== Segment start ==

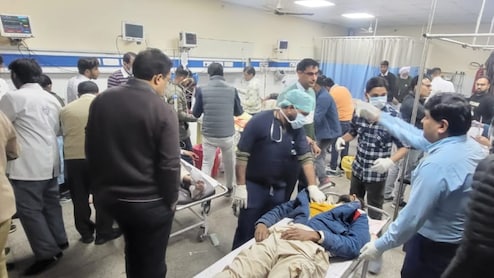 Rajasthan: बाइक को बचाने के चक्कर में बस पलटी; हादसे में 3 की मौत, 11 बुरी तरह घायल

== Segment end ==
== Segment start ==

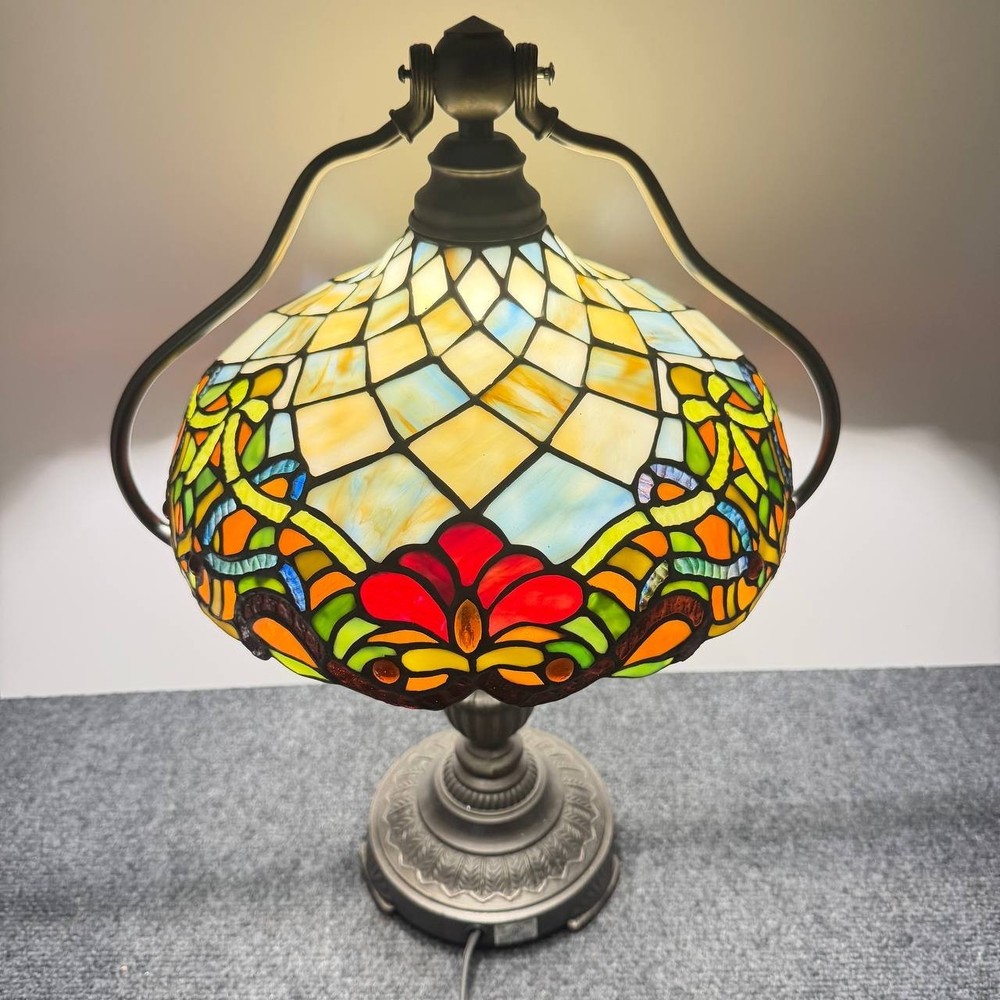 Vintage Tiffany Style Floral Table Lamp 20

== Segment end ==
== Segment start ==

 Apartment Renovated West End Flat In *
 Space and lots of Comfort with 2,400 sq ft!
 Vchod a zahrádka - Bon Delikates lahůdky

== Segment end ==

_WORK TASK_
Please copy, exactly and with nothing else, the lines above beginning at the line that has "Apartment Renovated West End Flat In *" and ending with the line that has "Vchod a zahrádka - Bon Delikates lahůdky".

_RESPONSE TO THE TASK_
 Apartment Renovated West End Flat In *
 Space and lots of Comfort with 2,400 sq ft!
 Vchod a zahrádka - Bon Delikates lahůdky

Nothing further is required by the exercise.